### DATASET EXCERPTS
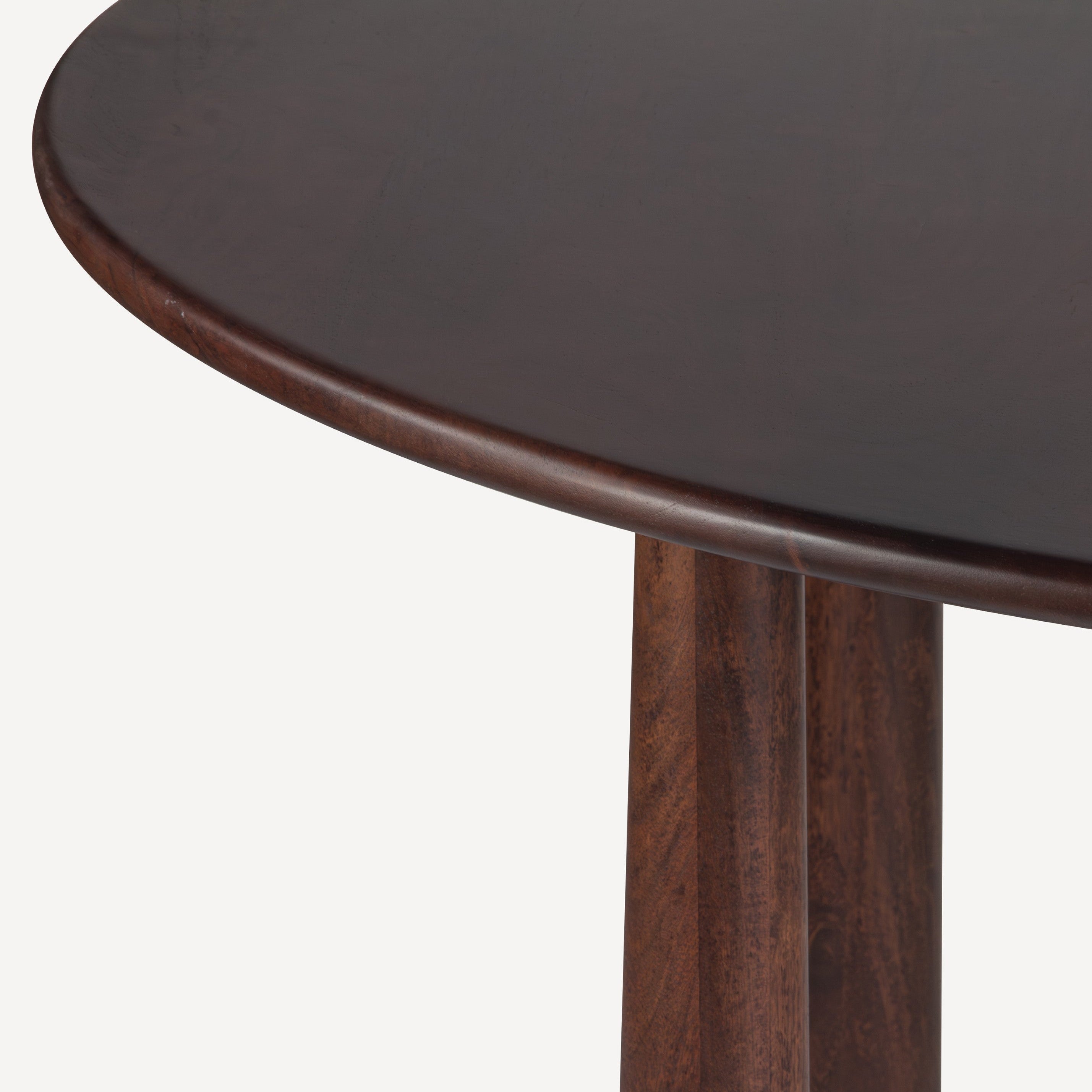 Close-up of a dark brown wooden dining table showing the curved tabletop edge and part of the pedestal base against a light gray background.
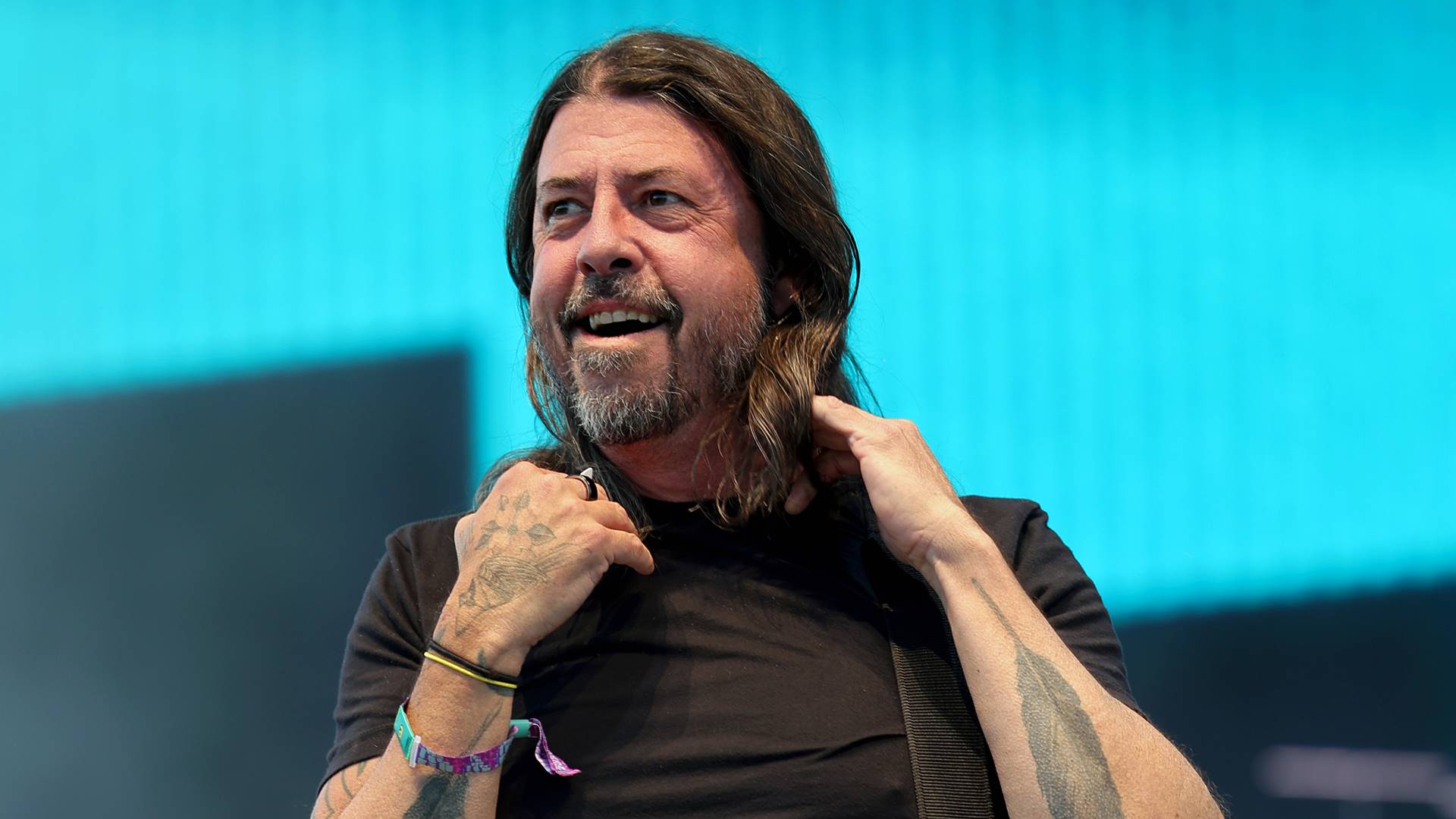 Dave Grohl durante apresentação ao vivo; músico afirmou que os Beatles são a banda ideal para crianças aprenderem música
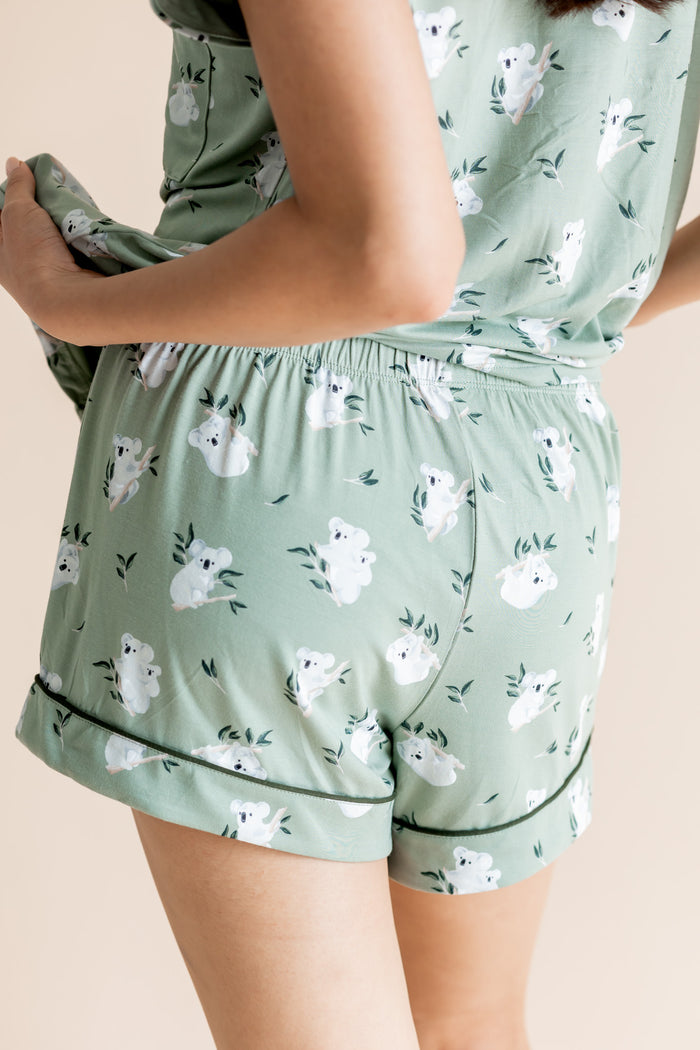 Model showing the back side of  shorts of Women's Short Sleeve Pajama Set in Koala print on beige background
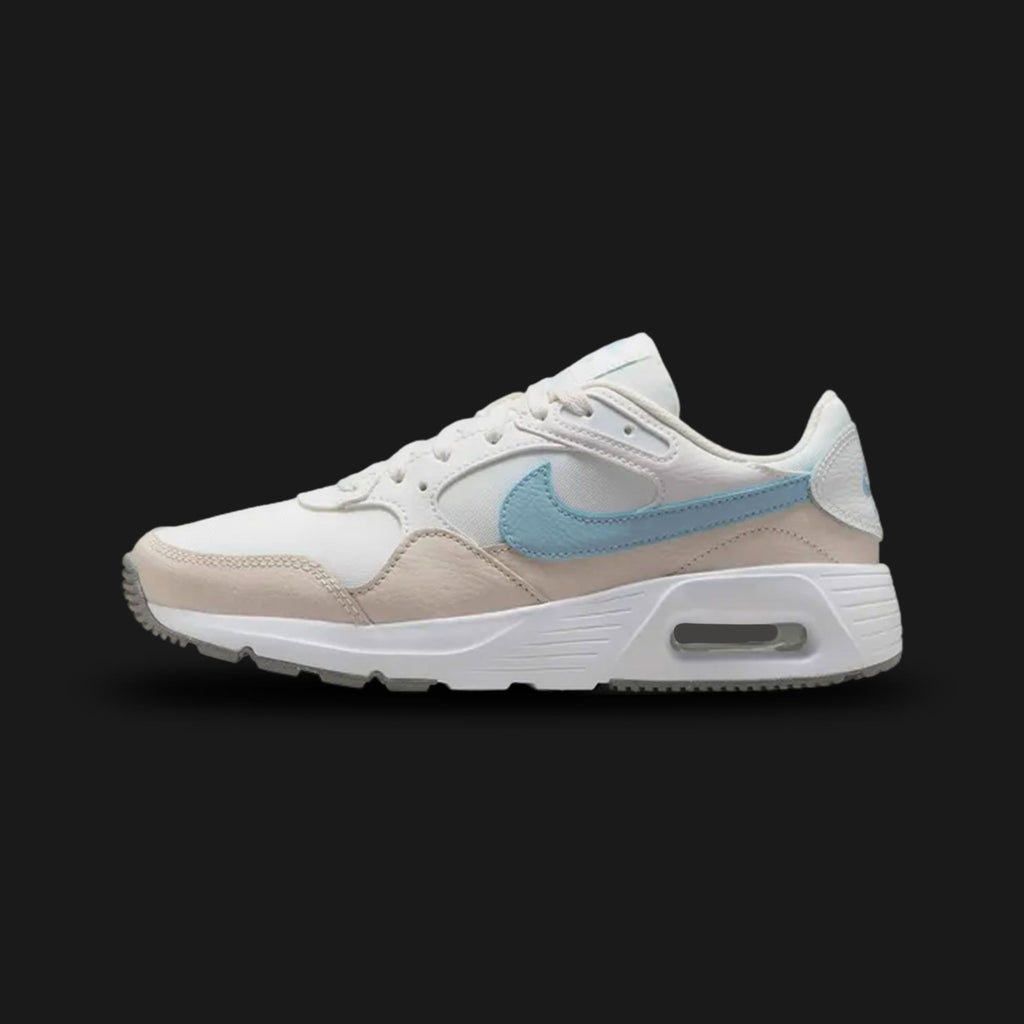 Nike Air Max SC women's shoes in Summit White, Light Orewood Brown, and Light Armoury Blue (Design Code: CW4554-126). Featuring a visible Max Air unit for responsive cushioning, a breathable mesh upper with leather and suede overlays, and a durable rubber outsole with flex grooves. Luxuntique offers 100% authentic Nike Air Max sneakers for women at the lowest price in Sri Lanka.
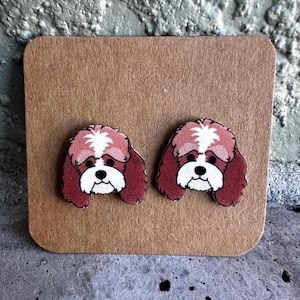 May include: A pair of dog-shaped stud earrings. Each earring features a red and white dog face design with black eyes and a white muzzle. The earrings are displayed on a brown card.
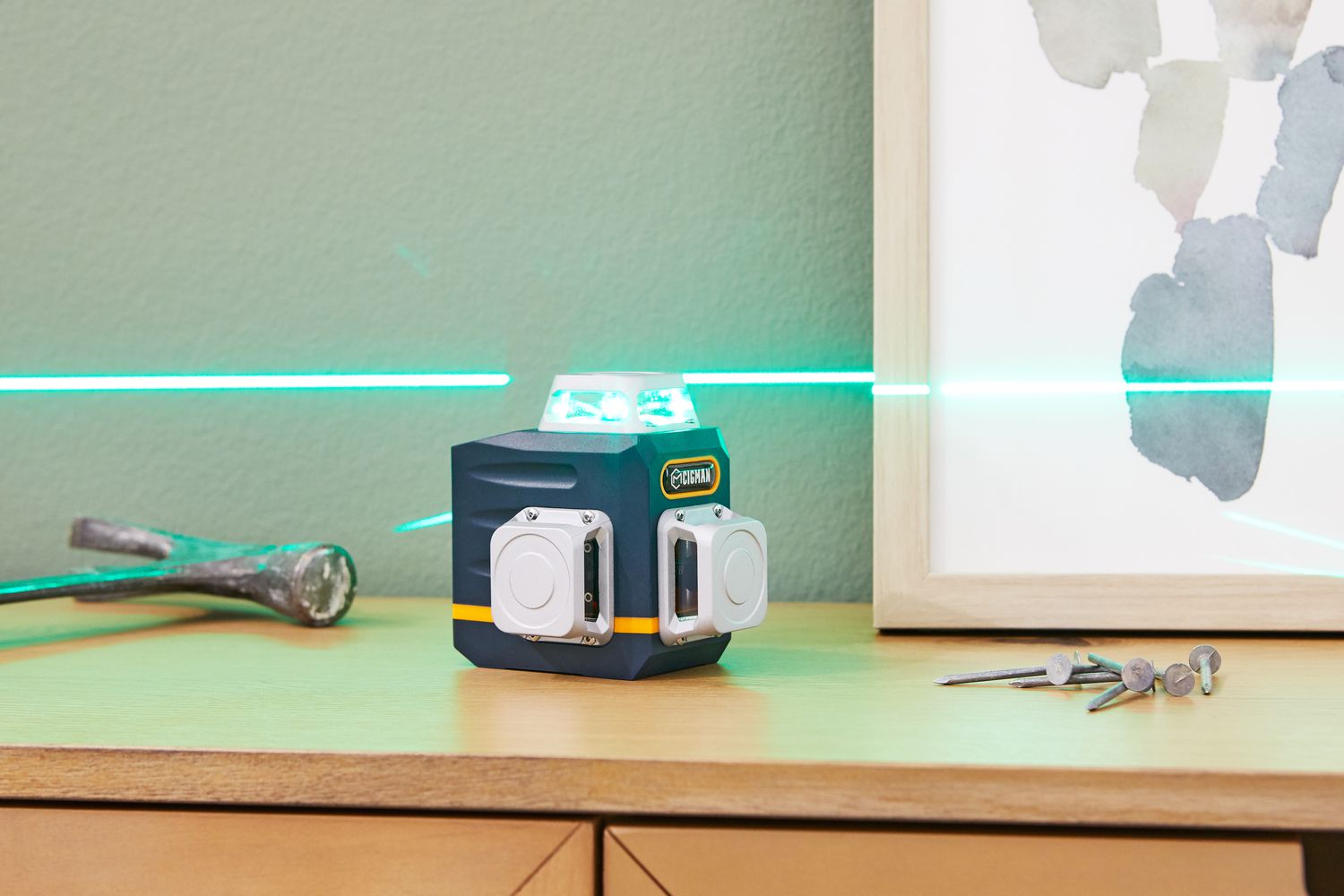 Cigman 3x360° Green Laser Level displayed shining a green laser on a wooden surface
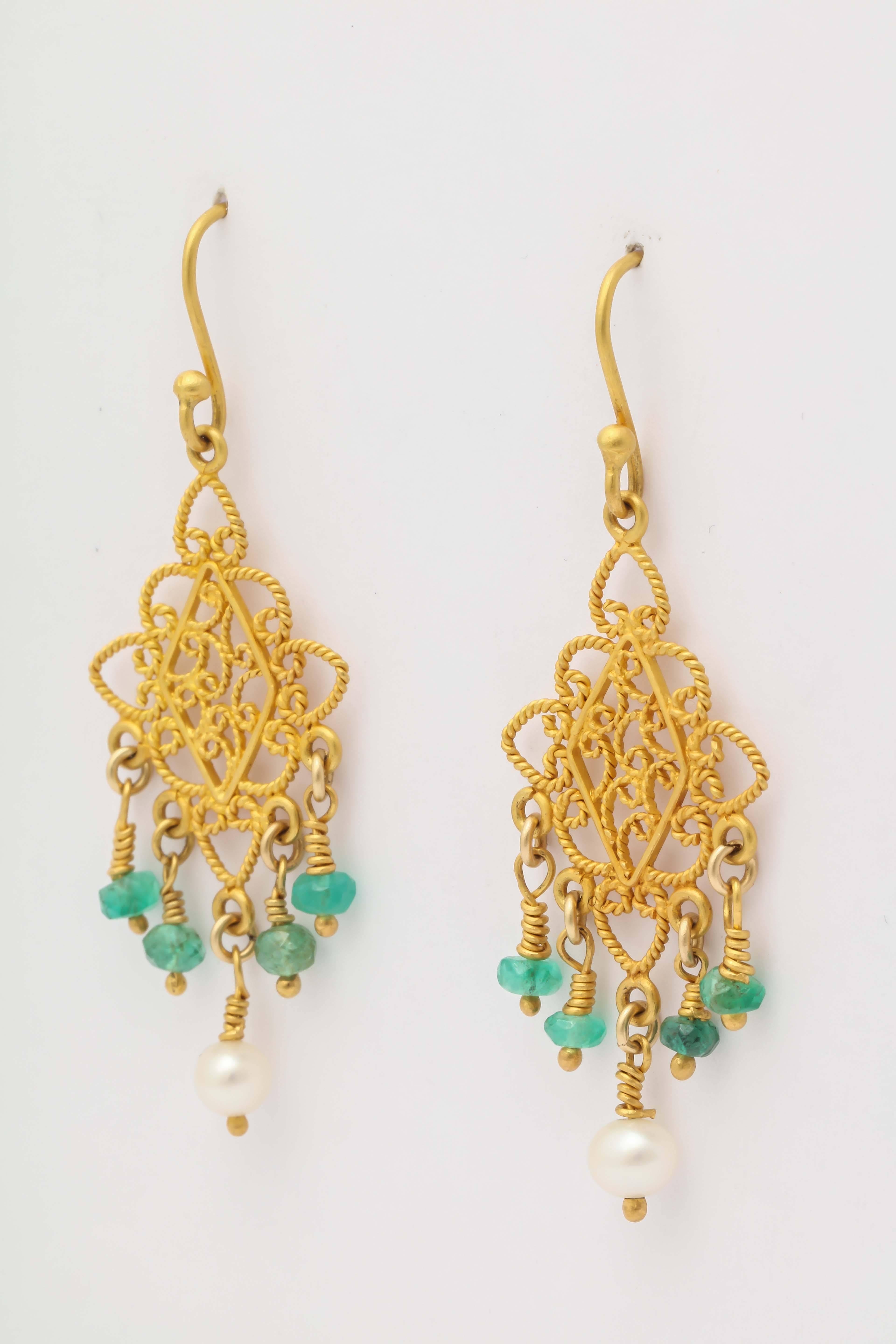These are an elegant and classic design.  The earrings are 18 kt and plated with 24 kt. The color is extremely rich and goes well with the precious emerald  beads.
The total length from the top of the wire to the pearl is approximately 2 in. and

### ABOUT THIS TASK
Exactly as written, give every entry again, but not the pictures.

### REPLY TO THE TASK
 Close-up of a dark brown wooden dining table showing the curved tabletop edge and part of the pedestal base against a light gray background.
 Dave Grohl durante apresentação ao vivo; músico afirmou que os Beatles são a banda ideal para crianças aprenderem música
 Model showing the back side of  shorts of Women's Short Sleeve Pajama Set in Koala print on beige background
 Nike Air Max SC women's shoes in Summit White, Light Orewood Brown, and Light Armoury Blue (Design Code: CW4554-126). Featuring a visible Max Air unit for responsive cushioning, a breathable mesh upper with leather and suede overlays, and a durable rubber outsole with flex grooves. Luxuntique offers 100% authentic Nike Air Max sneakers for women at the lowest price in Sri Lanka.
 May include: A pair of dog-shaped stud earrings. Each earring features a red and white dog face design with black eyes and a white muzzle. The earrings are displayed on a brown card.
 Cigman 3x360° Green Laser Level displayed shining a green laser on a wooden surface
These are an elegant and classic design.  The earrings are 18 kt and plated with 24 kt. The color is extremely rich and goes well with the precious emerald  beads.
The total length from the top of the wire to the pearl is approximately 2 in. and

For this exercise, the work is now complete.